The key to this — maybe all of this, for me and Nick — is good half hour of discussion between us, every day. A good half hour of discussion. Every. single. day. We have a lot of bases to cover. The insulation is going in the house this week, along with plumbing. The walls are getting closed in before the end of August. Do we have the supplies we need to do all this? When is the shopping? What’s the budget? Does it make sense to can two bushels of peaches right in the middle of it, seeing as how this week is the week they’re ripe at the orchard and they’ll never be this cheap again until next summer? Does it make sense NOT to?
It’s way more fun, to feel like we’re living one life together, rich with both work and play, than to feel like we’re competing for a little bit of air.
Probably the best thing about our going off the grid, that first cold, dark winter, was the evenings Nick and I spent in front of the fire. We had only our headlamps, and a candle on the table. Our children fell asleep, easy and tired, in starlight. We didn’t have the means or the projects to work late into the night the way we so often do now. All we could do was sit, sometimes in total quiet, other times in lively conversation, sharing our thoughts and dreams.
An experience like that moves the walls. It moves the boundaries of what is and isn’t possible. It might have been a huge waste of time. Or it might have been the thing that saved us. It might have been exactly what prepared us to accomplish more than we knew we could.

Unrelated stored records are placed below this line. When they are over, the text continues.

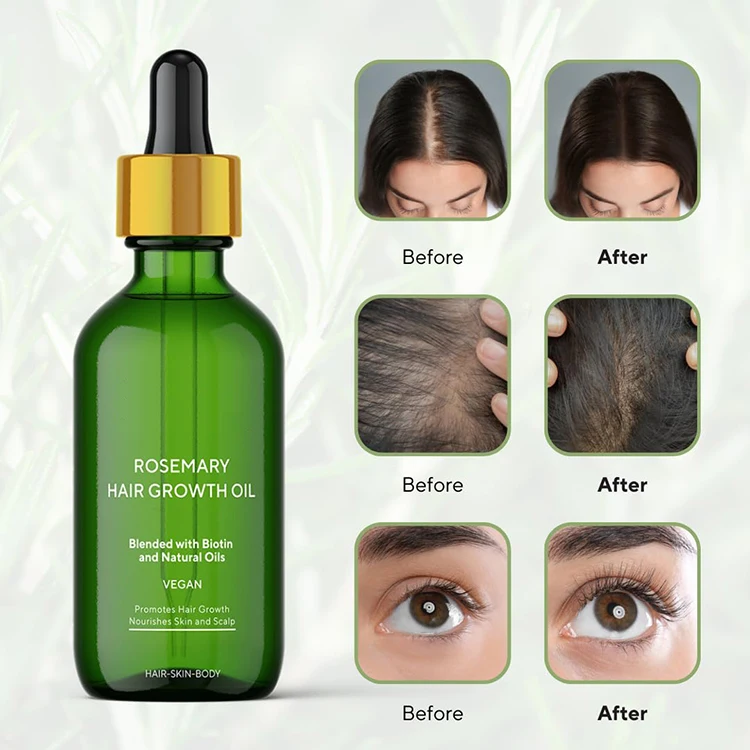 Private Label 100% Natural Organic Rosemary Castor Almond Oil Men Women Scalp Care Serum Hair Treatment Growth Oil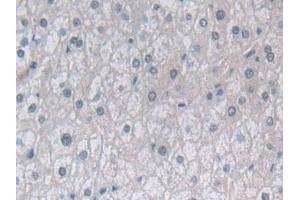Immunohistochemistry (IHC) image for anti-Proteasome (Prosome, Macropain) Subunit, beta Type, 6 (PSMB6) (AA 2-239) antibody (ABIN7436234)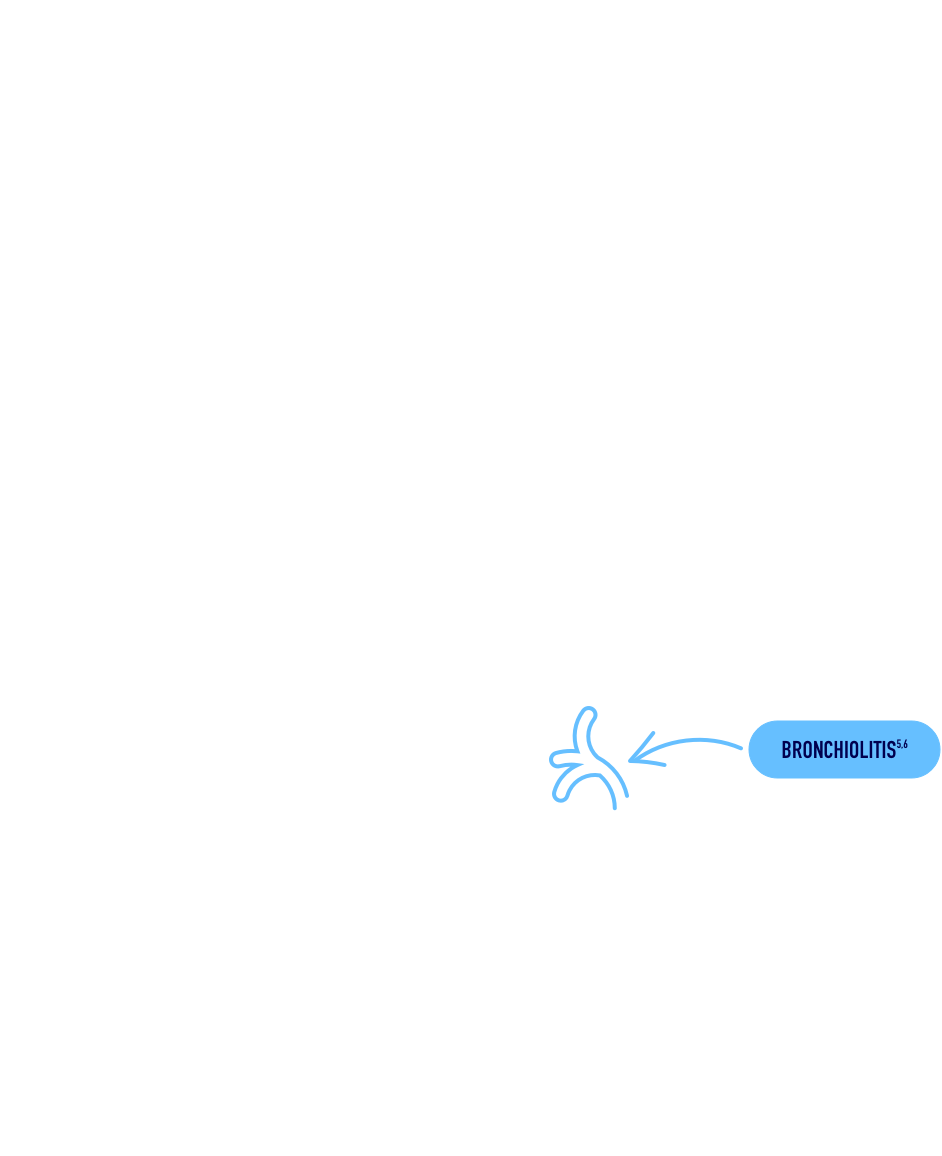 Illustration of respiratory track showing points where RSV infection symptoms could occur.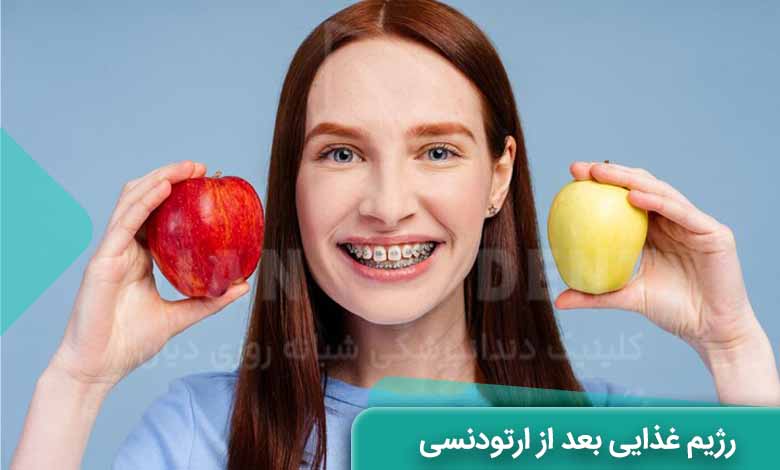 رژیم غذایی بعد از ارتودنسی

It has served us well to live into our hopes. “Leap and the net will appear.” Sometimes we fall on our faces, but our noses were a little too long anyway. The truth is we’re the sort of people who fall apart quickly when we’re not doing exactly what we’re meant to do. We’ve learned, again and again, it’s worth the risk.
Sometimes it’s a risk that we take together, like, “Hey, let’s take our family into a lifestyle that will definitely be difficult and may not work at all just because we feel like it’s the right thing to do.”
Other times it’s a risk we take towards each other, like, “Ummm…I don’t really know what you’re doing — and sometimes, let’s tell the truth, even you don’t know what you’re doing — but I want so much for it to work that I’m for it anyway. I’m all in.”
Here’s wishing for you the courage to take a healthy risk…to go all in with yourself and your own life. And if your life is yoked to another, to go all in with them, too. Here’s wishing you the courage to take time you don’t know you have, and the strength to hold space for hopes and dreams — even really crazy ones — and the discipline to do one right thing after another right thing after another right thing.